- **Activity**:
Please give the lines below again exactly as they stand, from the one that contains "General Steel Cutting" up to and including the one that contains "A picture of Swift", leaving all pictures out.

== Material provided

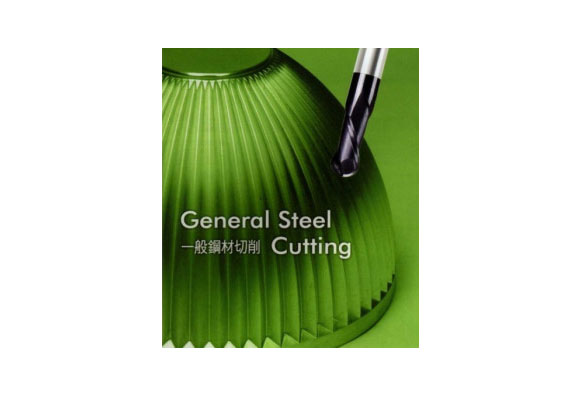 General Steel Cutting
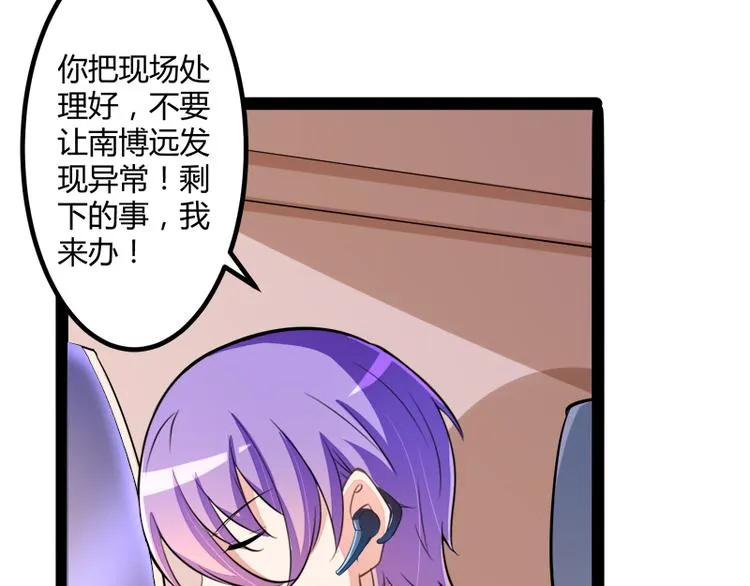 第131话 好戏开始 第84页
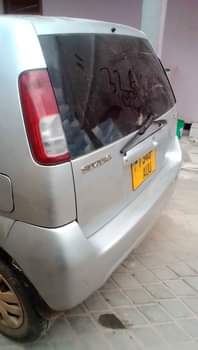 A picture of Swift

====
== Material provided

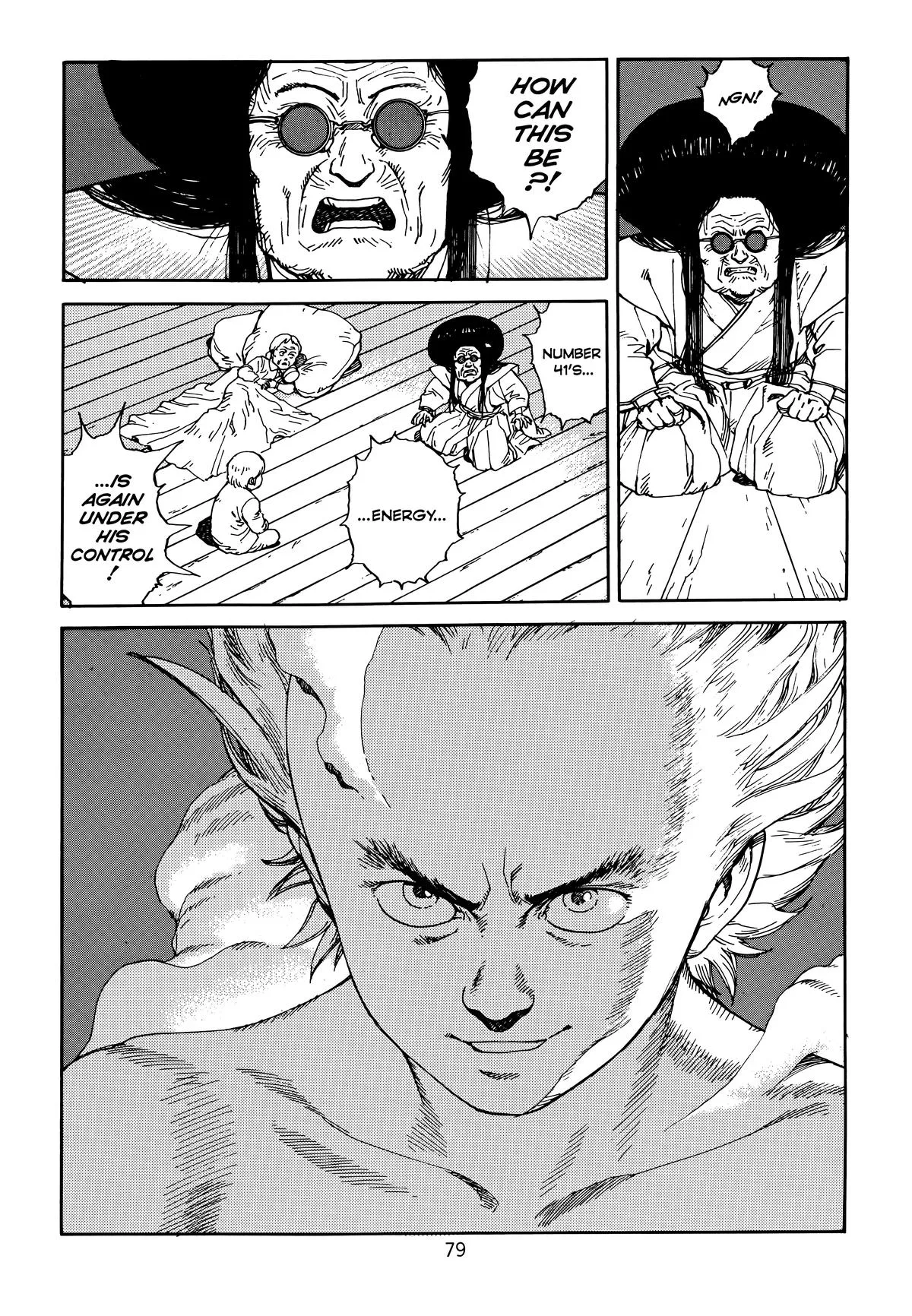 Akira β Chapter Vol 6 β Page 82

====

- **Exercise solution**:
 General Steel Cutting
 第131话 好戏开始 第84页
 A picture of Swift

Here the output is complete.